Steady membership fees and cost savings helped fuel Costco (COST) to record membership renewal rates this year, driven in part by concerns about inflation.
But the Issaquah, Washington–based company has quietly emerged as a leader on another critical issue that dominated the retail sector in 2022 — labor relations and the employee push to unionize.
Rival retailers, meanwhile. have struggled to address employee demands for higher wages and better benefits while fending off efforts to organize. But Costco, Yahoo Finance's 2022 Company of the Year, has managed to separate itself from the pack, building on a reputation as one of the friendliest places to work in retail.
According to data from Glassdoor, Costco employees rated the company a 4 out of 5, putting it well ahead of competitors like Sam’s Club and Target (TGT). Longtime CEO Craig Jelinek earned an approval rating of 85% from its staff, surpassing Amazon’s (AMZN) Andy Jassy and Walmart's (WMT) Doug McMillon.
“They’ve set a higher entry-level wage, more full-time jobs, more access to employee benefits, and generally, probably better working conditions as well,” said William Brucher, an assistant teaching professor of labor studies and employment relations at Rutgers University. “A lot of that has to do with Costco’s business model, in that it makes most of its profit on memberships.”
That base annual $60 membership fee has taken the pressure off of Costco to be a “low-road employer” according to Brucher, who said the discount retailer has consistently outpaced competitors when it comes to the number of full-time employees it hires. Costco cashiers earn, on average, $32,000 a year. While just one-fifth of hourly workers at Costco are unionized, they earn largely the same pay as their non-unionized workforce.
In addition, employees who work for 180 consecutive days for more than 23 hours a week qualify for Costco’s health benefits plan, which includes medical care along with coverage for dental and vision with low co-pays, according to Glassdoor.
“This is aimed at discouraging unionization in the nonunion warehouses, and so far that aim has been met,” said Professor Ruth Milkman, Labor Studies Chair for CUNY School of Labor and Urban Studies. “Turnover is lower (typical whenever pay is higher) than in companies like Walmart; productivity is also higher - and probably morale. So Costco has developed a totally viable business model, and obviously one that is superior for the hourly employees.”

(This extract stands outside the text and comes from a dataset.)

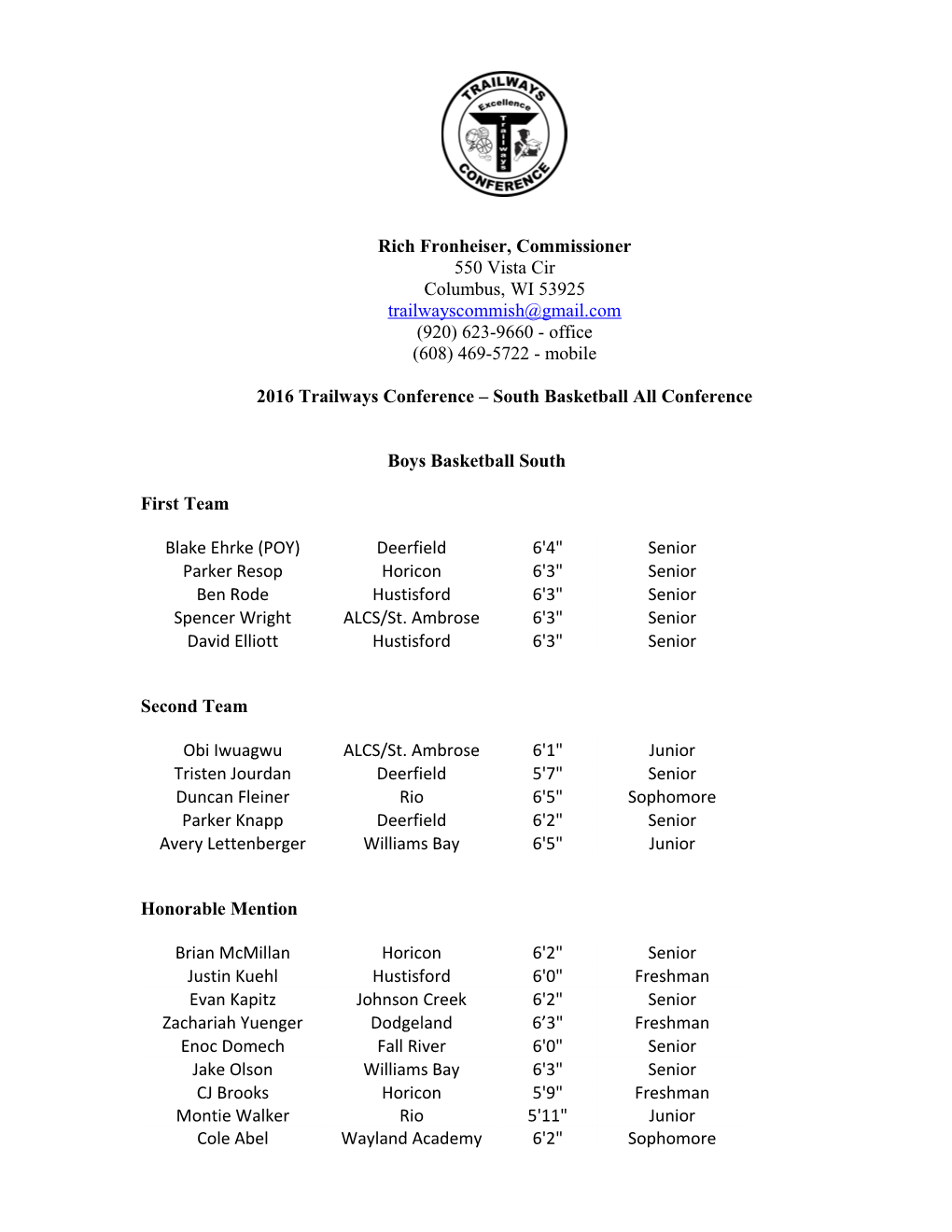 2016 Trailways Conference South Basketball All Conference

That stands in stark contrast to discontent brewing within hourly employees at chains like Starbucks (SBUX) and Amazon. For instance, warehouse workers at Amazon's Staten Island, New York, facility helped organize the company’s first-ever U.S. labor union this spring, but workers say the company has so far refused to come to the bargaining table or recognize the group as the Amazon Labor Union. While more than 300 Starbucks stores in roughly three dozen states have held union elections, the coffee chain has consistently pushed back against employee efforts, sending anti-union messaging to employees and isolating workers by announcing raises and benefits for nonunion employees.
Costco has historically been more amenable to labor groups, in part out of necessity. When Costco merged with then rival Price Club in 1993, the firm inherited a handful of stores already unionized for the Teamsters.
“We always want to make sure that our employees are at the higher end of the scale and we believe that they are at the top end,” said Jelinek in an interview with Yahoo Finance. “Of course, that starting wage is narrowed for everybody. But we wanna also pay for longevity. We do not want to turn people. We want to keep our employees.”
But the tight labor market is starting to chip away at Costco’s leadership, as rival retailers raise their own wages and compensation to secure workers. Amazon, Walmart, and Sam’s Club now offer higher wages than Costco for cashiers and sales associates, putting pressure on the firm.
This summer, roughly 18,000 Costco workers threatened to go on strike, following contentious negotiations with the Teamsters, which accused the company of attempting to become “profit-hungry wholesalers.” The dispute was resolved two months later, with the Teamsters members overwhelmingly ratifying the first national contract at Costco. The firm agreed to significant wage improvements, an increase in pension contributions, and higher semi-annual bonuses with a more flexible attendance policy.
“Costco didn’t go to war with the Teamsters. They were able to come back and agree to a better offer than what they initially wanted to get,” said Brucher. “They’re still an employer, they still have different interests. But they were able to negotiate something, and that is being very different than what Amazon or Target have done in the past.”
Editor's note: According to Costco, this data from Glassdoor is limited and selective and varies from the company's own internal data.